初めて手にしたCカード
プロフェッサー・パパもんの「我潜る。ゆえに我あり。」
先週の一色伸幸さん連載小説『シューボコ』第2話「ケラマのライオン」を
胸キュンの思いで読ませていただいた。
10年ほど前のことになるが、何を隠そう、当時10歳になったばかりで
ジュニア・オープンウォーターの資格取得年齢に達したばかりの息子と一緒に、
パパもんも講習を受けた思い出があるからだ。
もっとも、パパもんの場合は少し事情が特別で、
その時にダイビングを”始めた”わけではない。
ダイビングを始めたのは、それを15年ほどさかのぼる1985年、
モルディブのファルコルフシ島(この島は現在、イタリア人専用のリゾートになったようで
日本からはもはや予約もできなくなっているようだが)にあった「Club Med」だった。

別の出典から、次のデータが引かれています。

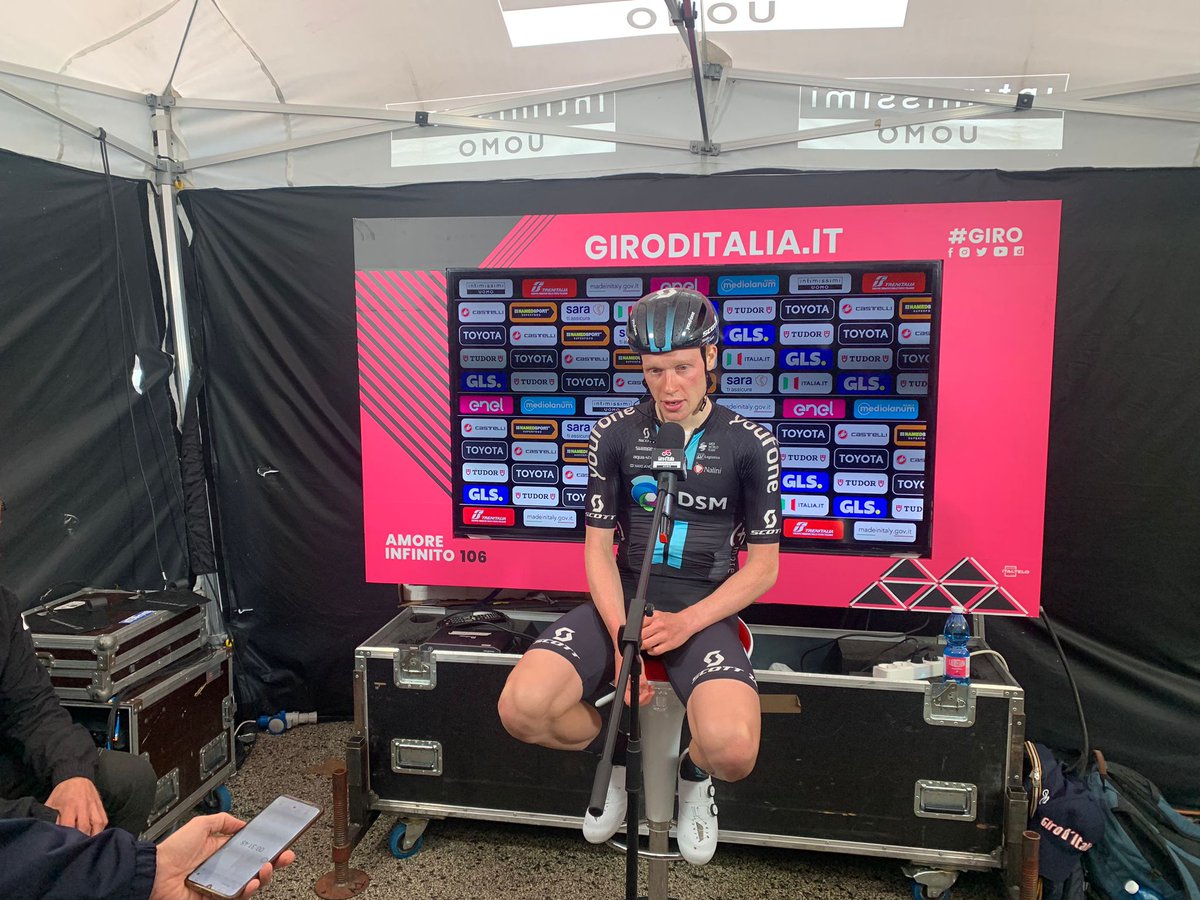 picnicpostnl's tweet photo. Confirmed!!! 🥳

@andreaslek will move into the pink race leader's jersey @giroditalia for the team! 👊🏻 💖 

#KeepChallenging #Giro https://t.co/6fpGrnFUir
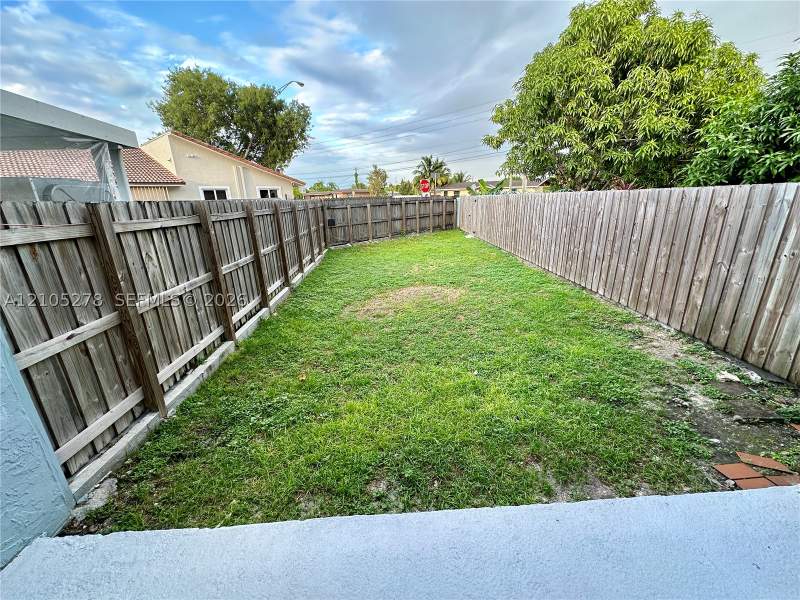 2 bedroom Villa at 3826 SW 107th Ave 2-2, Chateaubleau Villas Condo, Miami — photo 5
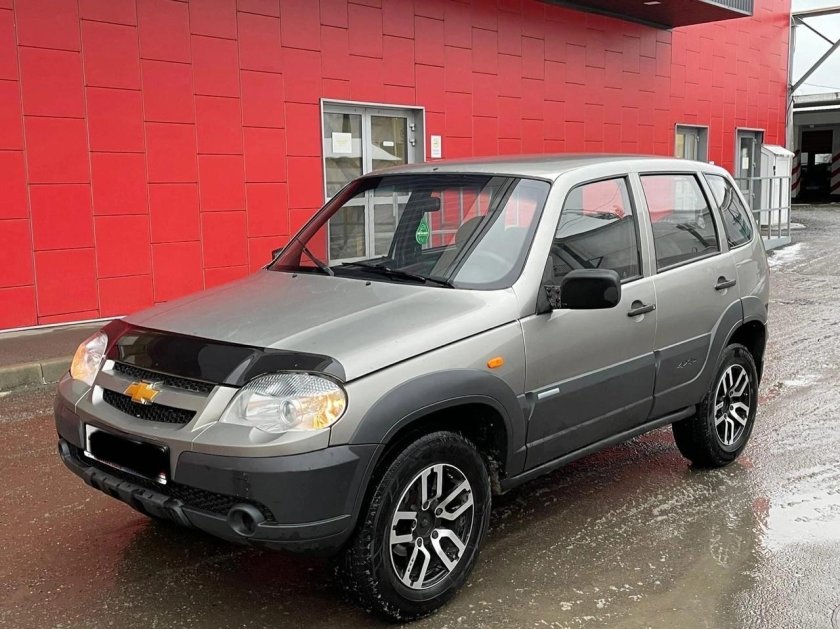 Chevrolet niva 2012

「Club Med」の”売り”は”オール・インクルーシブ”、
つまりどのアクテヴィティに参加しても基本、追加料金が発生しない
(現在では少し事情が変わっているようだが……)という点だ。
当時はまだ大学院生で、貧乏根性が染み付いていたパパもんは
躊躇なく1週間の滞在期間のほぼすべてを
「一番金がかかりそうな、つまり元を取りきる」ダイビングにあてたのである。
もちろんそのずっと前から海は大好きだった。
そうでなければわざわざモルディブには行かないよね。
その後すぐにBCやレギュなどの重器材も購入した
(いずれこの連載でも取り上げたいと思っているけど、
パパもんの初代BCDにはCO2カートリッジという、
リード線を引っ張るだけでBCDを一気に膨らませる「危険きわまりない」仕掛けもついていた)。
でも多くのダイバーがそうなってしまうように、
パパもんもその後数回潜っただけでブランクダイバーの仲間入りをすることになってしまう。
理由はやはり、金も時間もないということにつきるが、
それ以上に「Club Med」のカードは、「Club Med」の中でしか通用しない、
国際的に通用するものではないと教えられていたからだ。
今となってはそれは半分、あるいはそれ以上のウソだったように思う。
というのも、Cカードを発行しているのはどこも”公的機関”ではなく、
その意味で多くのノン・ダイバーさんたちが誤解しているような”免許”など存在せず、
存在するのはある意味で各々の”指導団体”なるものが勝手に発行している認定証にすぎないからだ。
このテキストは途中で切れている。